Contrast with MirrorMaker2

MirrorMaker2 (MM2) does not offset-preserve. MM2 runs as a Kafka Connect source + destination connector pair that consumes the source cluster's topics and produces the records to the destination cluster — the destination cluster assigns its own offsets on ingest, which are independent of the source's.

To make MM2-replicated data usable for failover, MM2 maintains a per-consumer-group offset translation map in a separate Kafka topic:

  • The source topic's consumer-group commits are mirrored to the destination.
  • MM2 writes (source-offset, destination-offset) translations to a __consumer_offsets-equivalent on the destination.
  • At failover, the consumer reads its last-committed source offset, looks up the translated destination offset, and resumes there.

This works but adds three kinds of operational cost:

  1. Translation map lag — the map may be stale at the exact moment of failover, forcing the consumer to replay or skip.
  2. Client-side translation awareness — consumers need MM2- compatible offset-reset logic; stock Kafka consumers don't know about the map.
  3. Offset-numbering divergence — after a failover the destination becomes the source for the return leg; offsets numbers have drifted.

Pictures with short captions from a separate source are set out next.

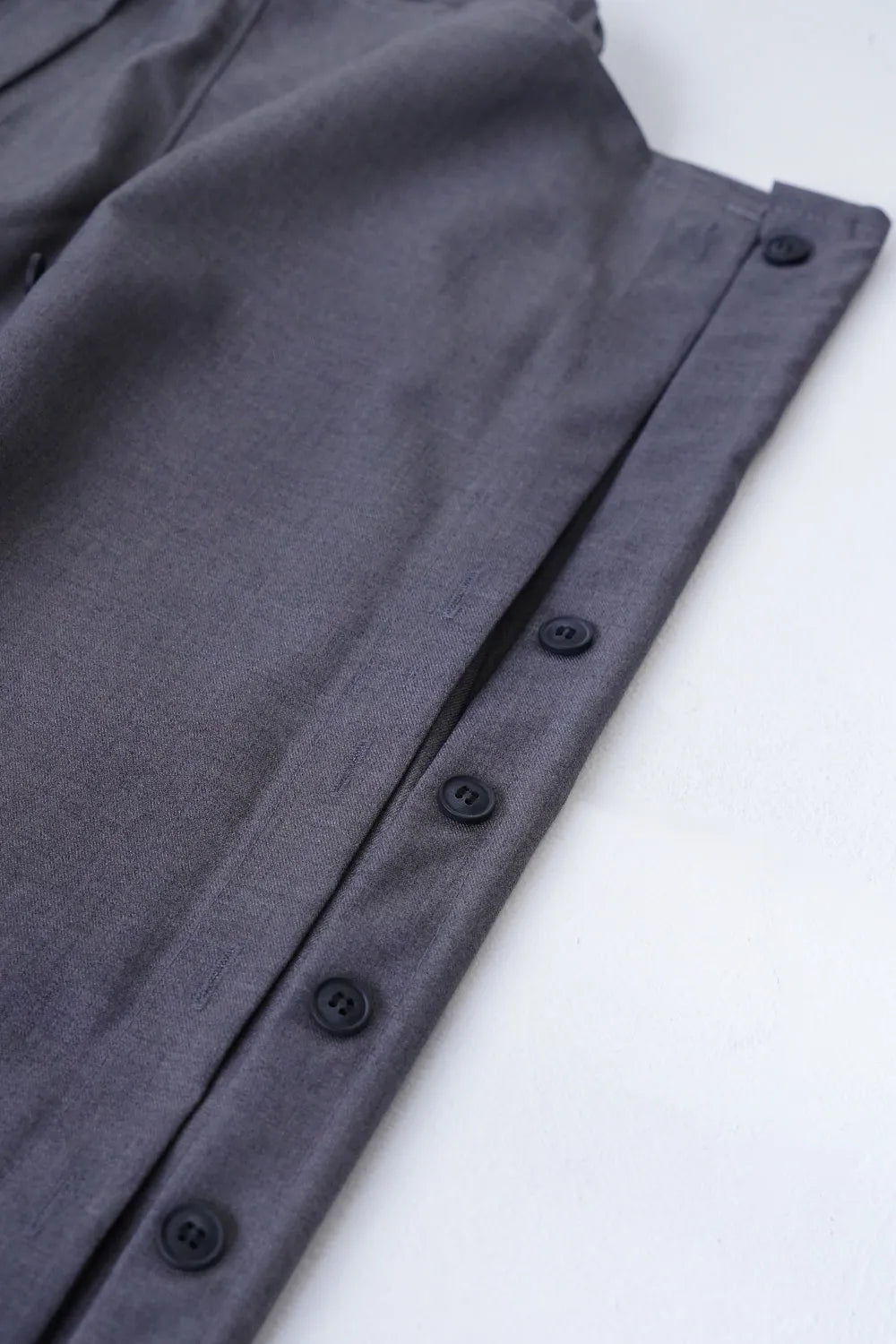 ボタンアレンジハーフワイドパンツ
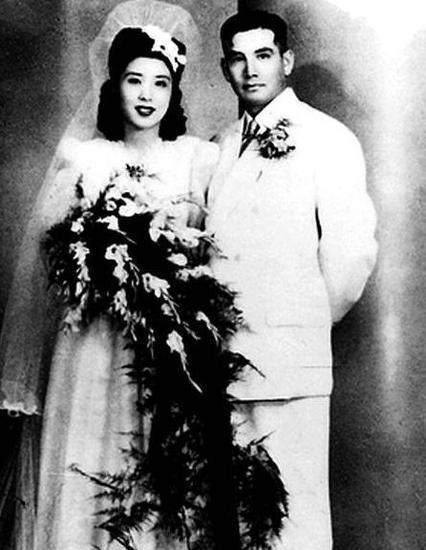 安徽17岁女孩,嫁给42岁丈夫,丈夫官至上将,儿子,儿媳都是富商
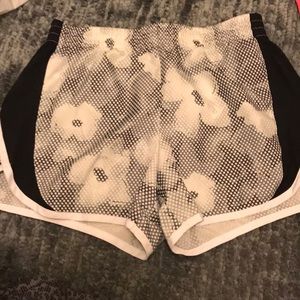 Black/White DanskinNow Shorts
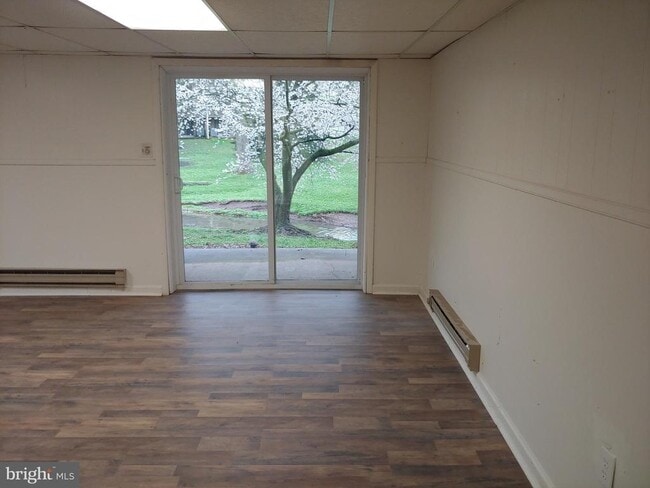 Building Photo - 214 Stonybrook Dr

Offset preservation removes all three costs. A consumer that knows its last source offset resumes at the same offset on the destination, full stop. This is Shadowing's canonical client-side simplification over MM2.

When it's feasible

Offset-preserving replication requires the destination cluster to accept records with externally-determined offsets rather than assign its own. This is a broker-internal capability — the standard Kafka producer API assigns offsets on produce; a broker that imports records and writes them into the same offset slot the source used needs to be doing so at a layer below the producer API.

This is why Shadowing is a broker- internal mechanism, not a Kafka Connect connector — a connector that produces records via the public API cannot preserve source offsets, regardless of how fancy its bookkeeping is. The feature has to live inside the broker's log layer.

Why offset preservation matters for streaming DR

Seconds-scale DR recovery times hinge on how fast consumers can resume:

  • With translation: restart consumers → block on map lookup → resolve potentially-stale translation → resume at approximate offset → potentially re-process or skip a window of records.
  • With offset preservation: restart consumers → point them at the shadow cluster → resume at the exact committed offset.

The difference is seconds and no data-processing ambiguity vs longer + non-zero window of replay/skip. For latency- sensitive consumers (real-time pipelines, reactive agents, dashboards) this is the load-bearing DR-readiness property.